Records provided
- - -
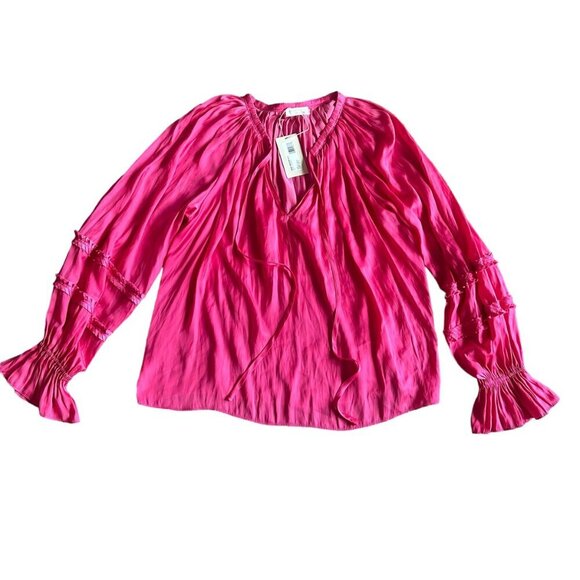 Ramy Brook Maty Balloon Sleeve Blouse Top Shirt Flowy Fringe Size Large NWT - Picture 2 of 15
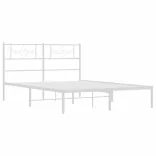 fehér fém ágykeret fejtámlával 120x190 cm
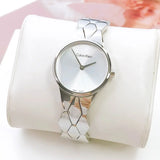 Calvin Klein Snake Silver Dial Silver Steel Strap Watch For Women - K6E23146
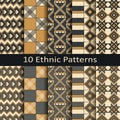 Vector set of ten seamless ethnic african patterns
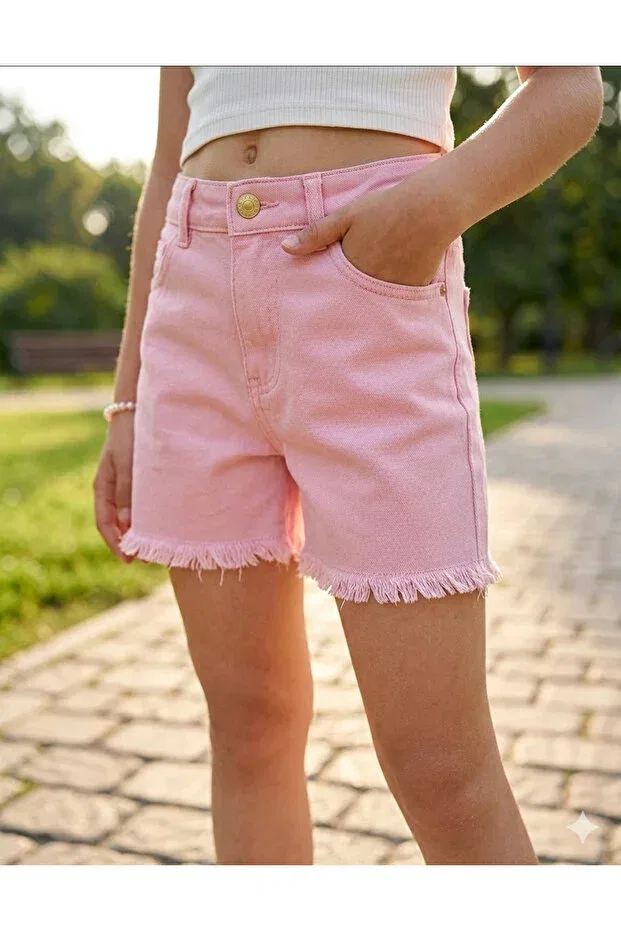 Детские шорты для девочек из габардина с принтом Basics Escabel, Pink — фото 2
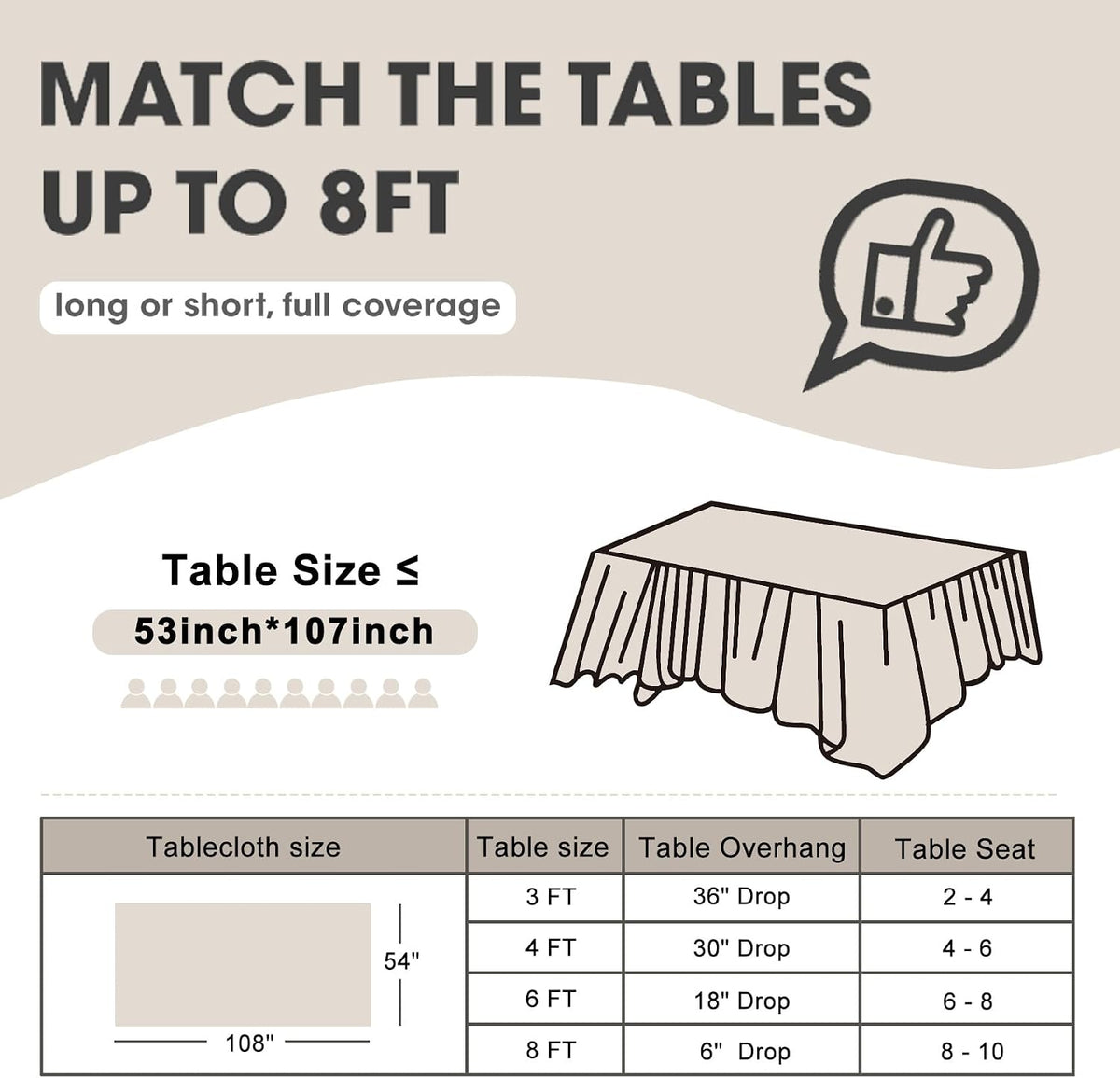 D&Z 12 Pack White Disposable Plastic Tablecloth 54"x108" Table Cover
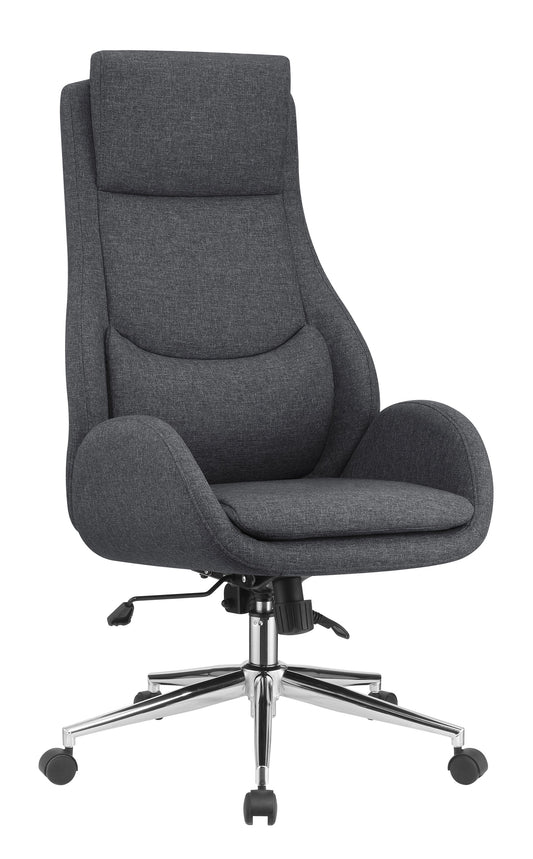 Cruz Upholstered Office Chair with Padded Seat Grey and Chrome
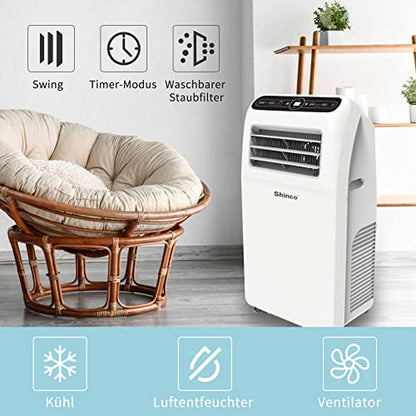 SHINCO Mobile Klimaanlage mit Abluftschlauch, 12000BTU, 3,5kw, Kühlen&Ventilieren&Entfeuchten, Mobiles Klimagerät mit Fenstermontage-Kit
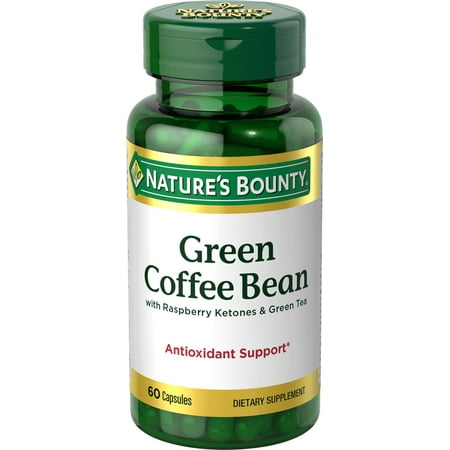 Nature's Bounty Green Coffee Bean with Raspberry Ketones & Green Tea Dietary Supplement Ctules, 60 (Best Green Coffee Beans For Weight Loss)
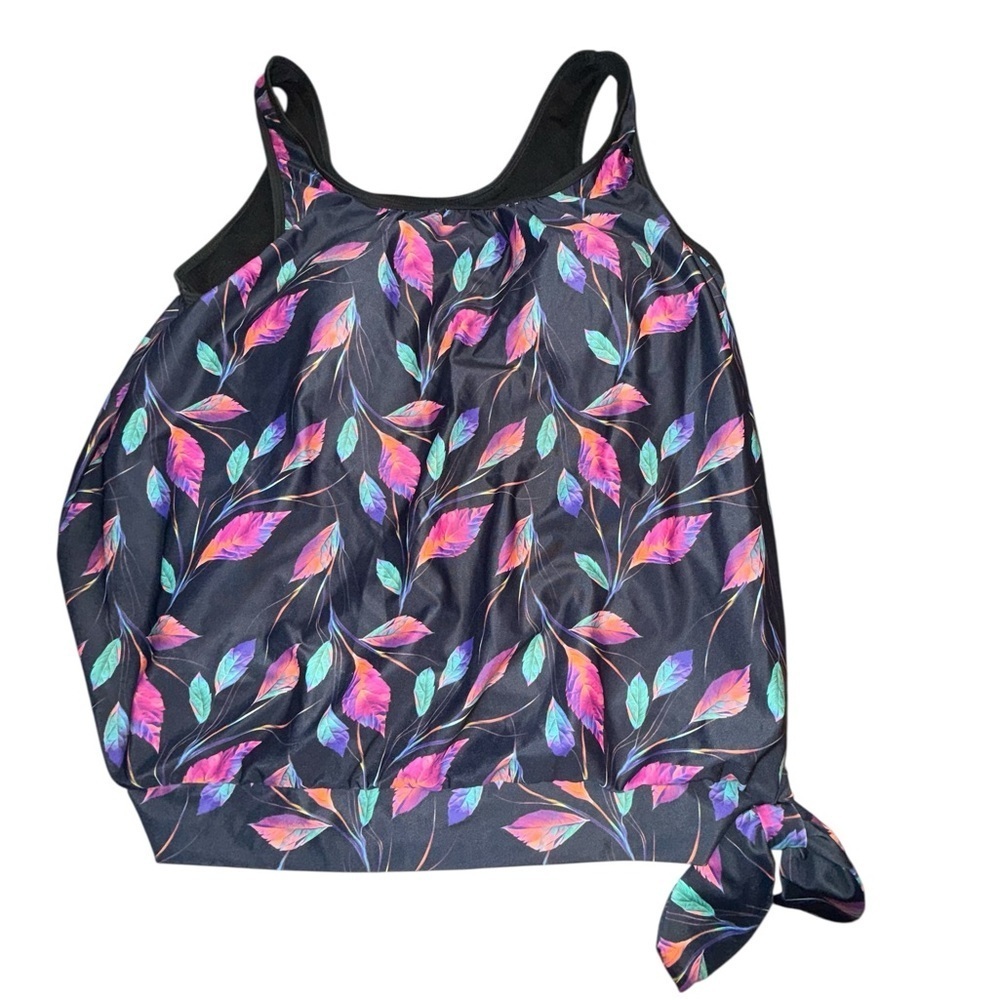 Colorful Feather Print Swim Top - Picture 3 of 4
- - -
Exercise prompt
Your reply should hold exactly the lines from the line containing "Vector set of" through the final line of the listing, and none of the pictures.

Finished exercise
 Vector set of ten seamless ethnic african patterns
 Детские шорты для девочек из габардина с принтом Basics Escabel, Pink — фото 2
 D&Z 12 Pack White Disposable Plastic Tablecloth 54"x108" Table Cover
 Cruz Upholstered Office Chair with Padded Seat Grey and Chrome
 SHINCO Mobile Klimaanlage mit Abluftschlauch, 12000BTU, 3,5kw, Kühlen&Ventilieren&Entfeuchten, Mobiles Klimagerät mit Fenstermontage-Kit
 Nature's Bounty Green Coffee Bean with Raspberry Ketones & Green Tea Dietary Supplement Ctules, 60 (Best Green Coffee Beans For Weight Loss)
 Colorful Feather Print Swim Top - Picture 3 of 4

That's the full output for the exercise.